2014-Jul-14, 12:22 PM
Eh, the Venera mission was a gloomy disappointment...

The Venera missions were successful in that we now know more about the surface of Venus than we did before those missions.

How that can be classified as a "gloomy disappointment"?, I do not know.

Swift
2014-Jul-14, 01:30 PM
The Venera missions were successful in that we now know more about the surface of Venus than we did before those missions.

How that can be classified as a "gloomy disappointment"?, I do not know.
Excellent point. These landings were done in the 1970s and the Russians did some remarkable work with the technology of the day. The only disappointment is that humans haven't gone back (I say "humans" not meaning manned landings, but robotic landings from any space agency on Earth).

Barabino
2014-Jul-14, 03:33 PM
Maybe earlier crust or lava flows, now broken up into slabs by some force (venus-quakes?).

I'm guessing.

But everybody says Venus has volcanism but NO tectonic activity... hence no big earthquakes there (a meagre consolation prize... like healing from acne when having cancer :-/ )

Barabino
2014-Jul-14, 03:54 PM
The Venera missions were successful in that we now know more about the surface of Venus than we did before those missions.
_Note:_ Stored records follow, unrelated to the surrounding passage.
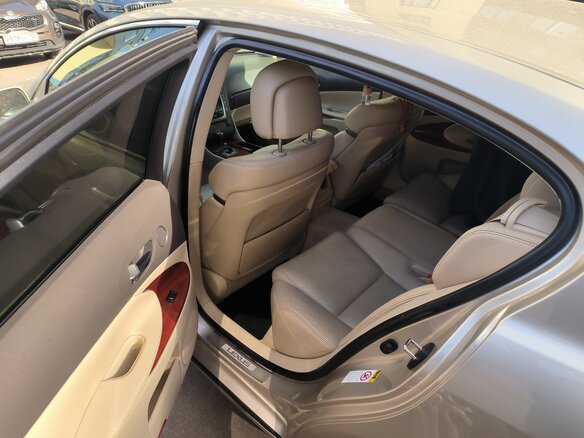 2010 Lexus GS 350 III Рестайлинг, бежевый, 1490000 рублей - вид 5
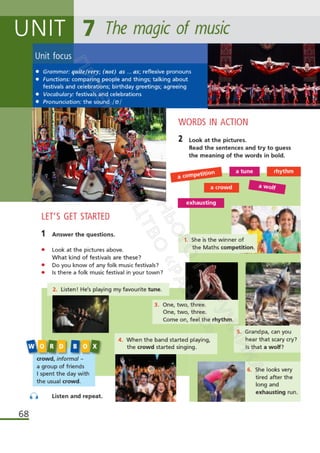 Підручник Англійська мова 6 клас А. Уолкер, Н. Левіс, О. Любченко 2023 6 рік навчання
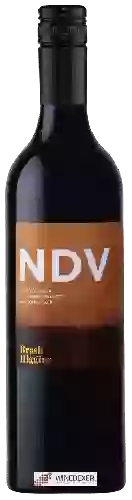 Wijnmakerij Brash Higgins - NDV Amphora Project Nero d'Avola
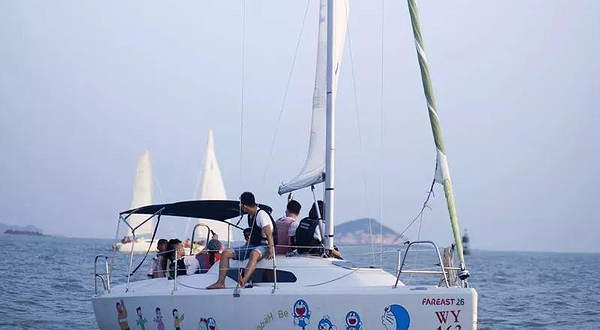 闽海湾游艇俱乐部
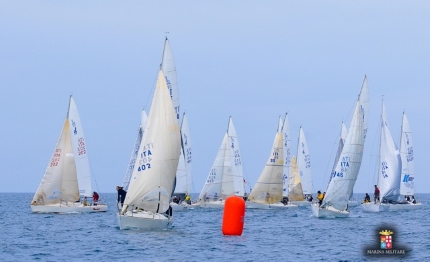 circuito nazionale trofeo j24 tutto pronto per la seconda tappa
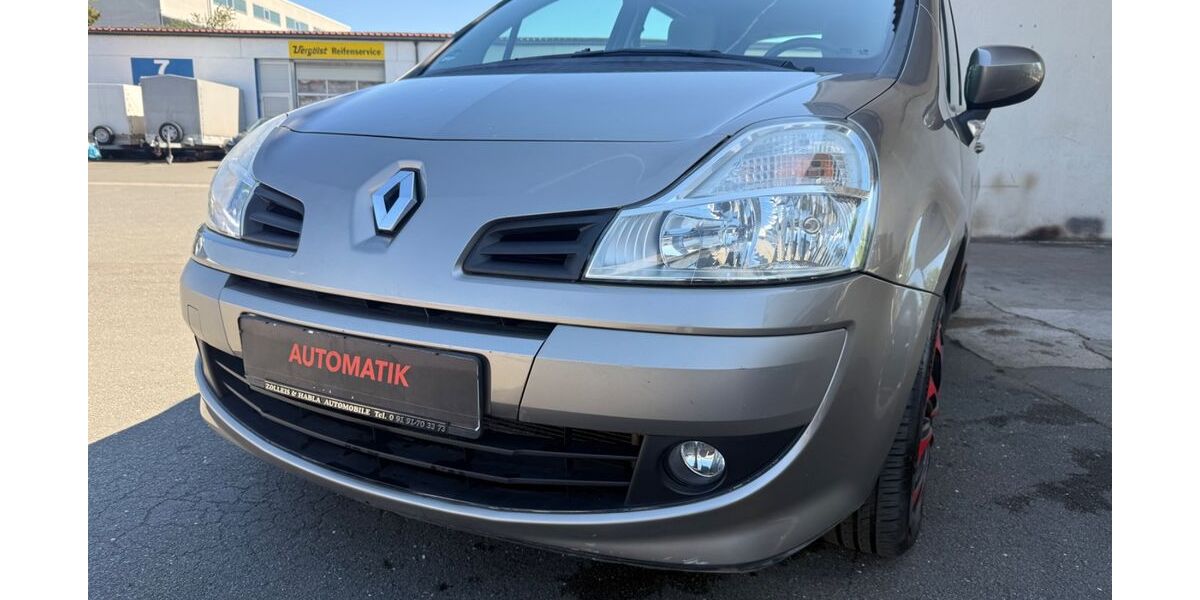 Renault Modus 101.000 km 4.250 &euro; FORCHHEIM 91301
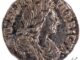 1698 Penny William III Obverse MV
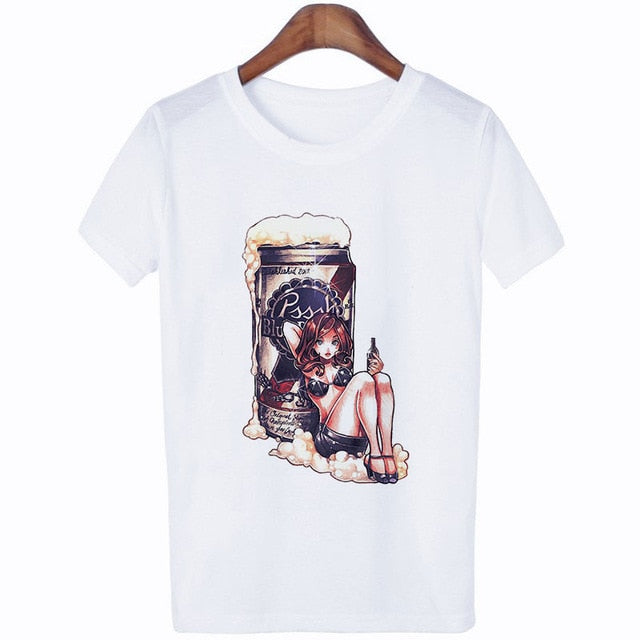 Fashion Woman T-Shirt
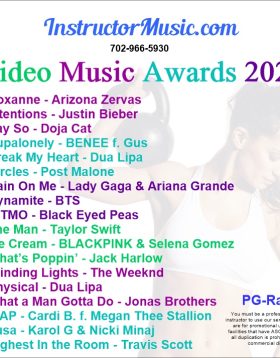 Video Music Awards 2020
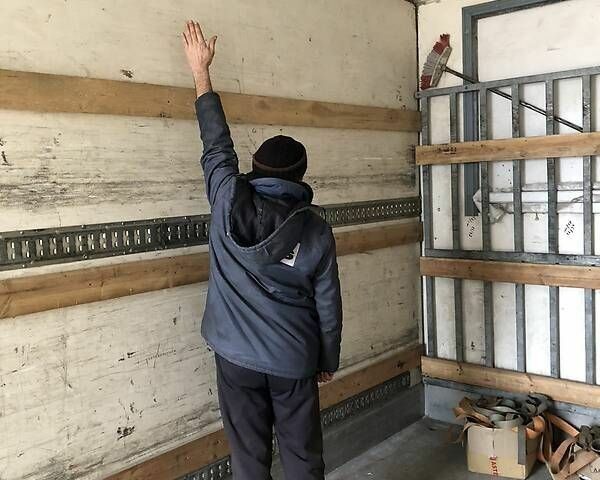Мерседес Аксор, об'ємом двигуна 6.4 л та пробігом 993 тис. км за 24000 $, фото 10 на Automoto.ua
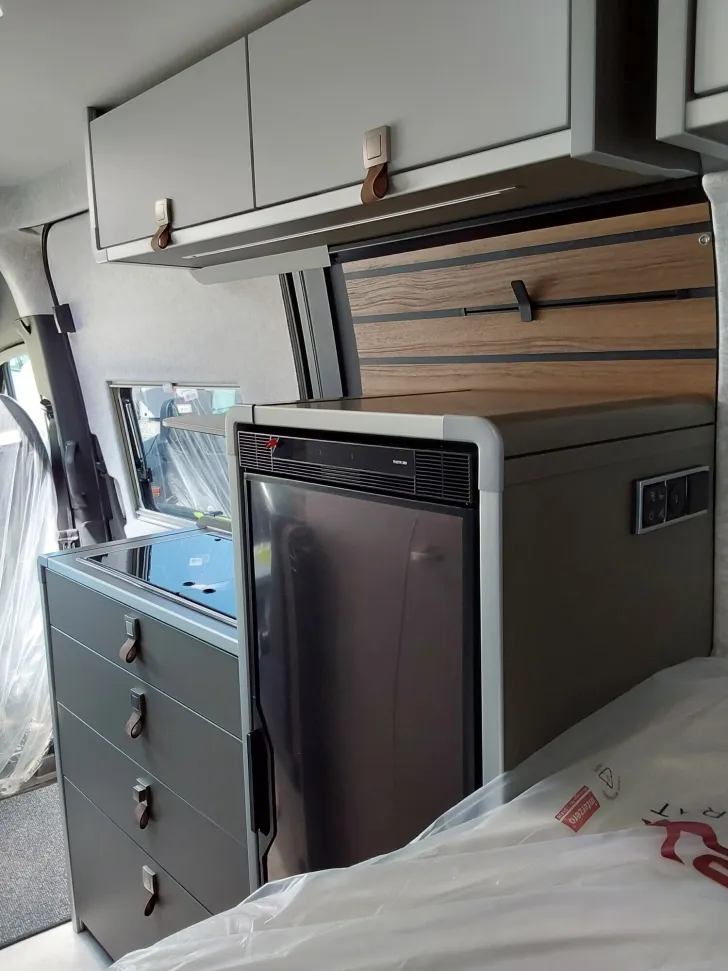 Fahrzeugbild Hymer Grand Canyon S Xperience 600 #10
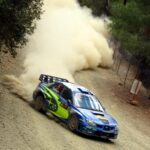 Unleashing the Thrill: Rally Racing Adventures with a BRZ!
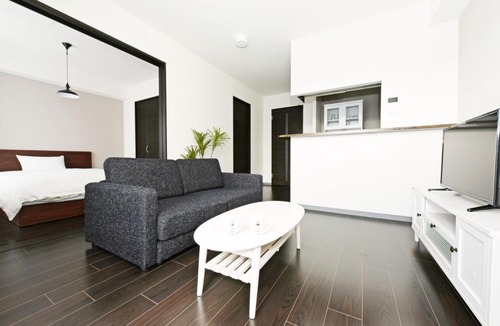 Shiroishi Apartment | Sun Court Hondori Garden Hills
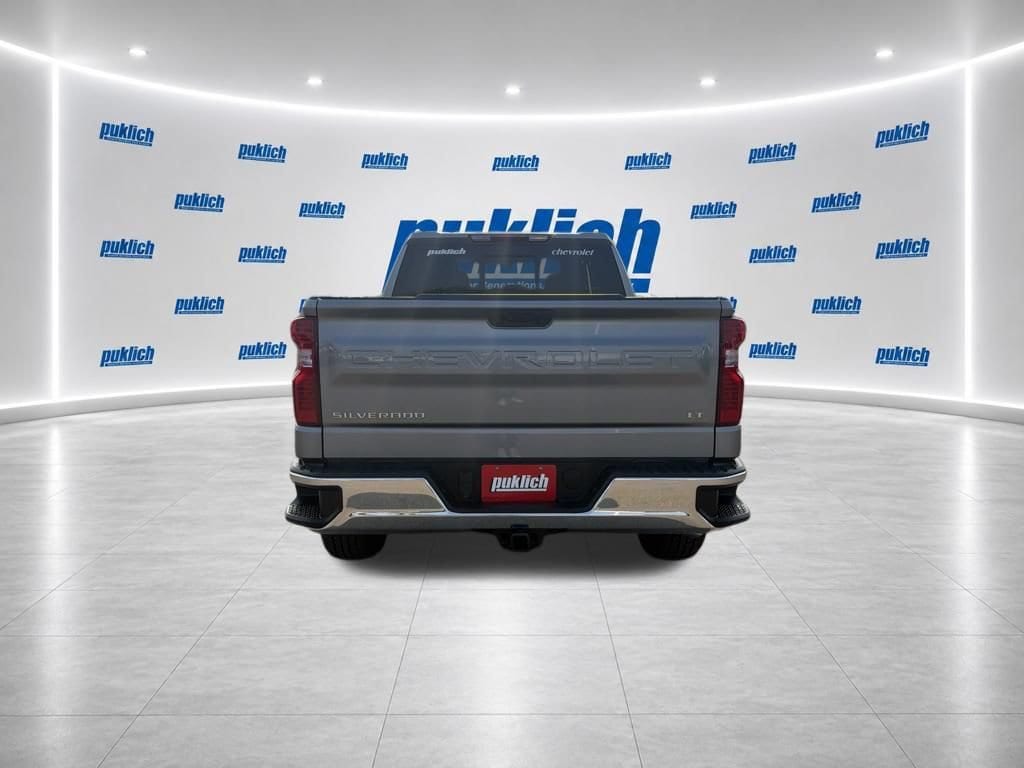 2026 Chevrolet Silverado 1500 LT - Photo 6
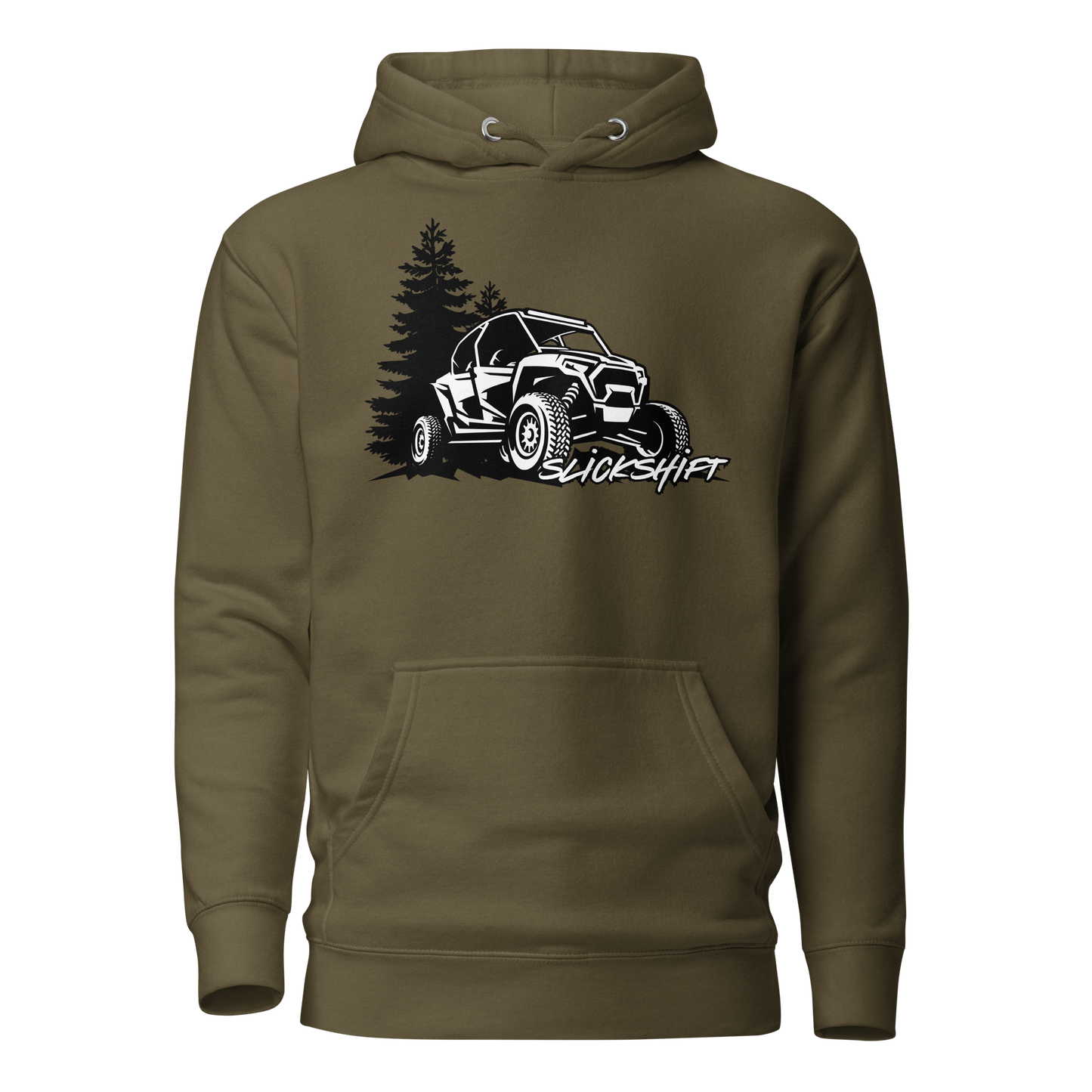 Slick Shift - Sunday Ride Hoodie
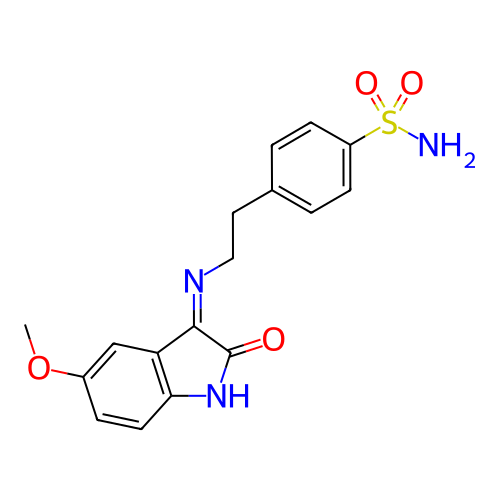 Chemical structure of BindingDB Monomer ID 50230949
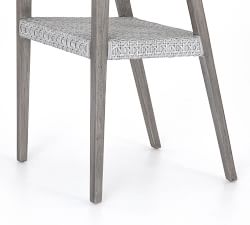 Brent Teak Outdoor Dining Chair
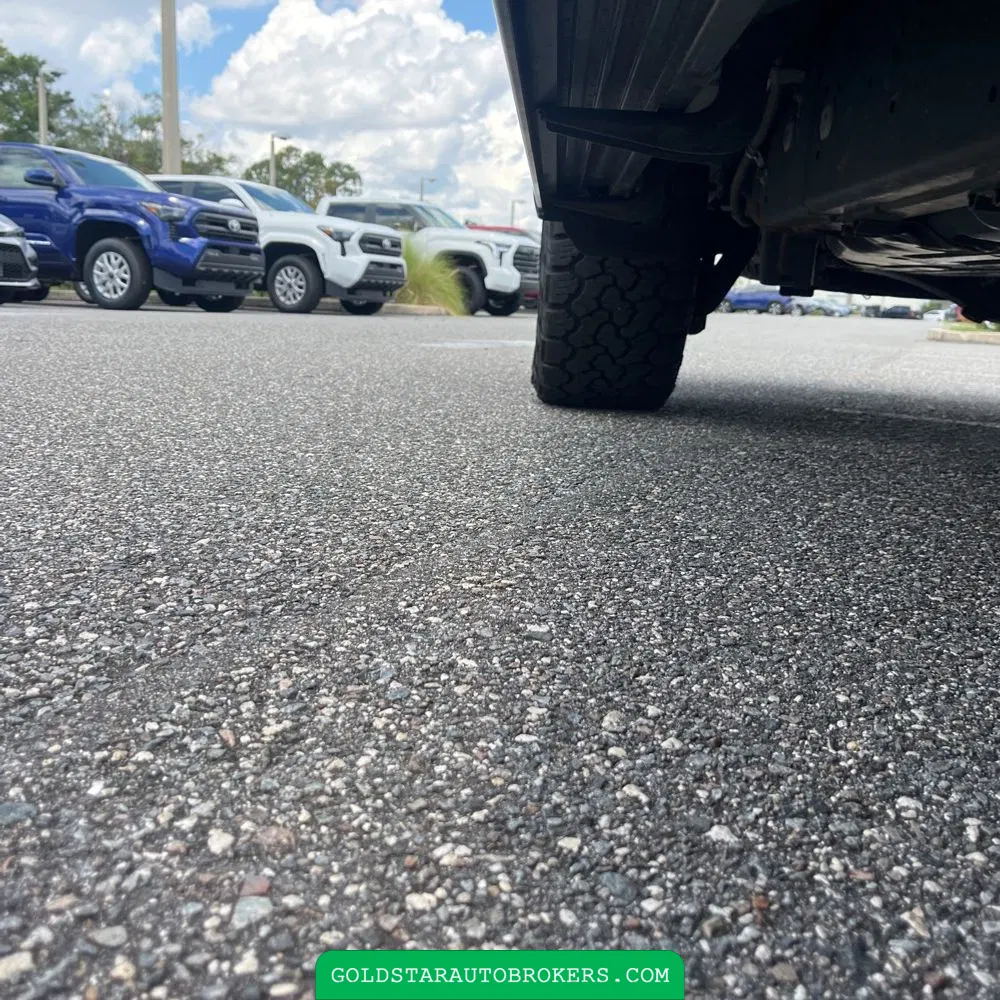 2020 Toyota Land Cruiser Base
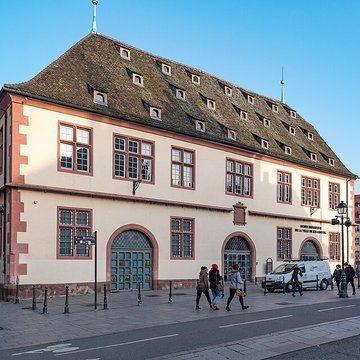 Musée historique de Strasbourg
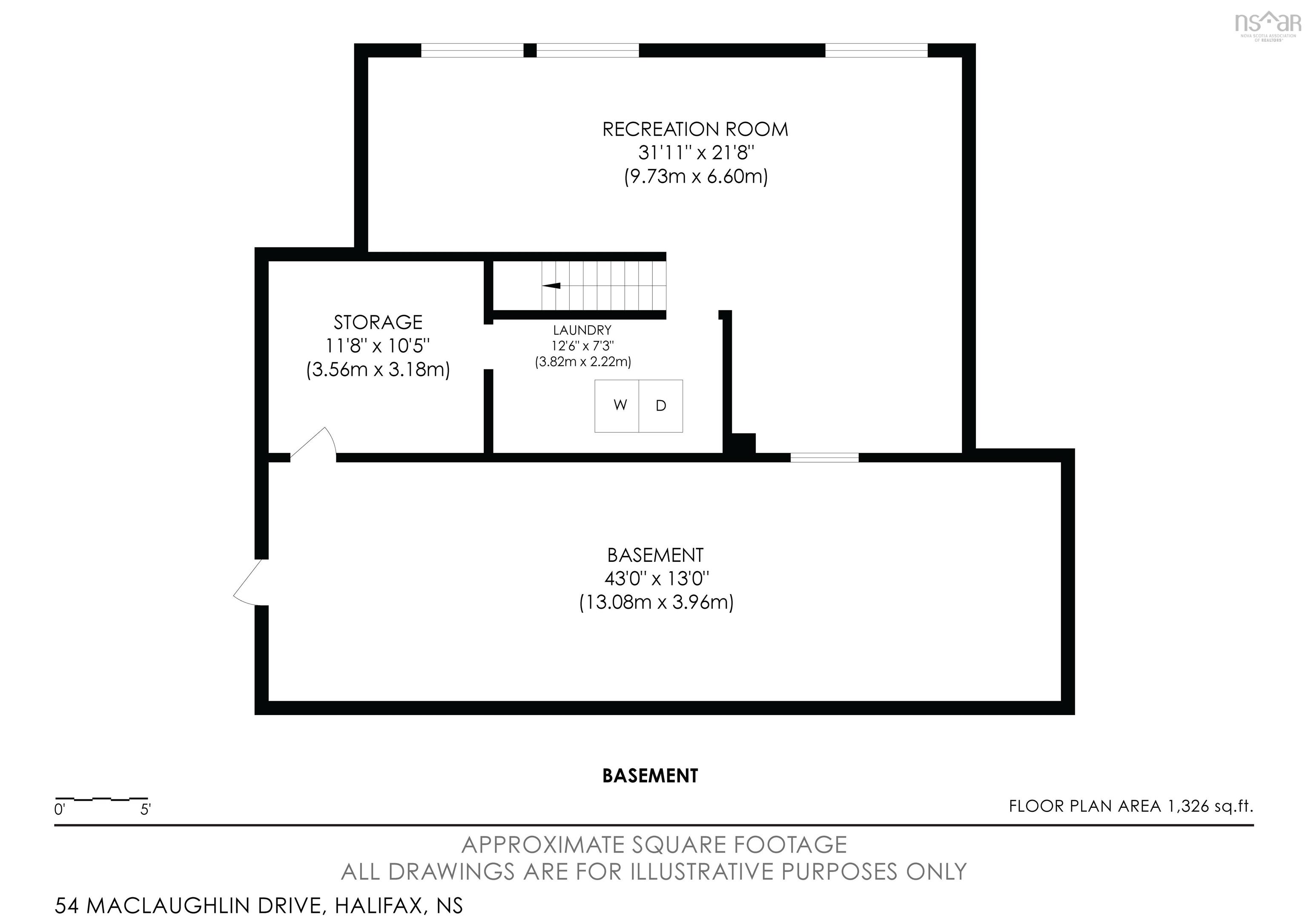 54 Maclaughlin Road, Westphal, NS (MLS 202526446)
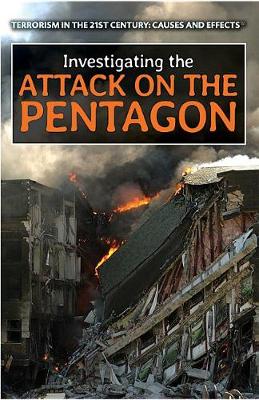 Cover of Investigating the Attack on the Pentagon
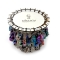 LOADED RETAIL KEYCHAIN STAND 80PC - ASSORTED DESIGN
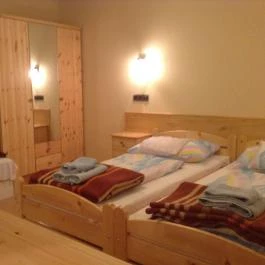 Hotel Pannon Pannonhalma - Szobák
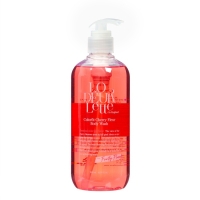 Гель для душа L'odeurlette In England c ароматом цветка вишни, 500 мл Гель для душа L'odeurlette In England c ароматом цветка вишни, 500 мл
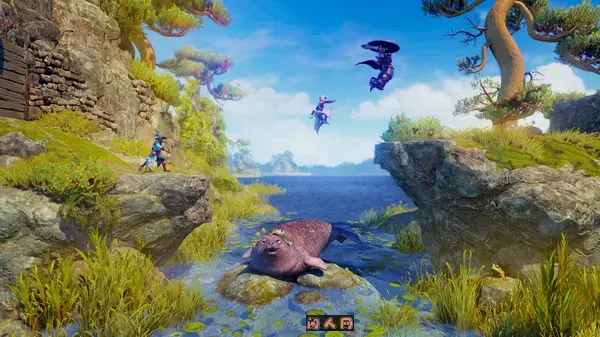 Trine 4: The Nightmare Prince三位一体4梦魇王子v23.07.03 全DLC+神秘旋律-原声音乐免安装中文版16G 主机游戏 第4张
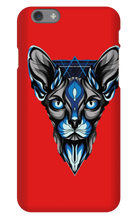 blusphinx iPhone Phone Cases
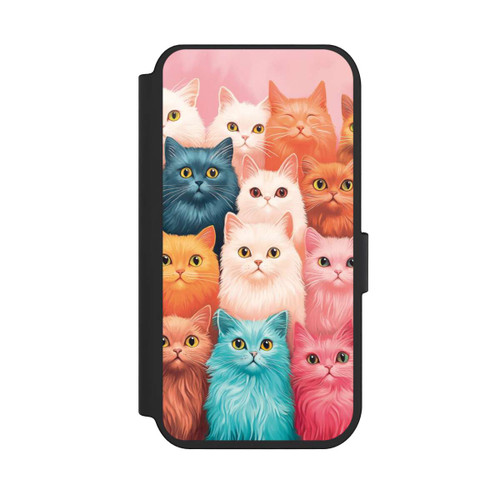 Apple iPhone 14 Pro NIVOflip Cats Looking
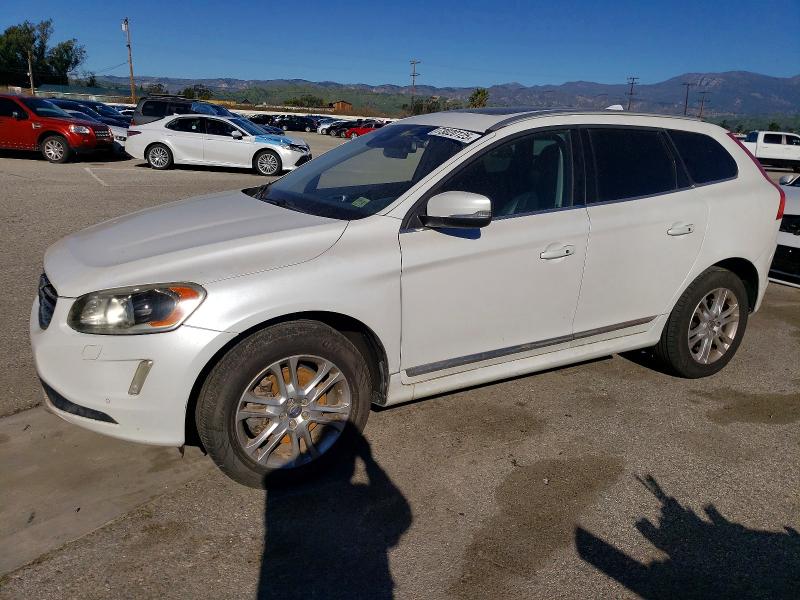 2015 VOLVO XC60 — VIN YV440MDD4F2609415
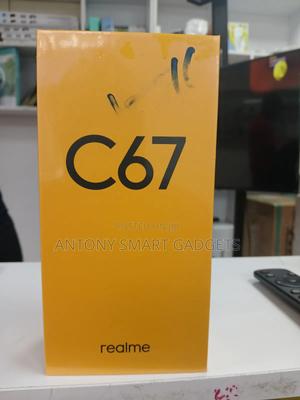 New Realme C67 128 GB - main view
How that can be classified as a "gloomy disappointment"?, I do not know.

That was a further proof that universe is hostile to humans and to life in general... :-(

http://upload.wikimedia.org/wikipedia/en/thumb/0/0c/FarewellFantasticVenus.jpg/220px-FarewellFantasticVenus.jpg

Gillianren
2014-Jul-14, 04:50 PM
Yes--and we survive anyway.

Barabino
2014-Jul-18, 12:21 PM
I love that ayn-randish attitude :D

Gillianren
2014-Jul-18, 03:45 PM
Um, no. Ayn Rand is [rant deleted]. My point is that the universe is enormous and hostile to life, yet despite that, we survive. Isn't that more wonderful than if it were everywhere and we weren't lucky at all?

Barabino
2014-Jul-20, 06:54 PM
if we were everywhere, we could have the ego boost that universe is made for us, instead of us being a drop in the sea... the search for ET life is at bottom a search for a finalism of the universe... :-(

Gillianren
2014-Jul-20, 07:24 PM
Even if life were everywhere, that wouldn't mean the universe is made for us. Especially if life were everywhere, I should think, because we wouldn't be very special if life were everywhere.

Swift
2014-Jul-20, 09:53 PM
Please, let's not turn this thread into a discussion of either ETs or Ayn Rand. Neither is on topic.

Squink
2014-Jul-26, 04:53 PM
Nice piece on the Venera missions at Planetary Society:
Standing on Venus in 1975 (http://www.planetary.org/blogs/guest-blogs/2014/0724-standing-on-venus-in-1975.html)
Includes rejiggering of Venera 9's distorted panorama so as to approximate the view of an eye on the surface.

publiusr
2014-Jul-26, 05:21 PM
Eh, the Venera mission was a gloomy disappointment... The photos from Mars showed roughly what we expected... instead the photos from Venus showed a literal dry muslim hell instead of Perelandra or a jungle planet...



Sad indeed. I take joy in the fact that the probe was so well built.

It was launched atop a Proton K that was meant to lob Zond circumlunar capsules, as well as station modules--and example of how manned space flight acts as a force driver which helps--not hinders--robotic exploration, David Darling notwithsatnding.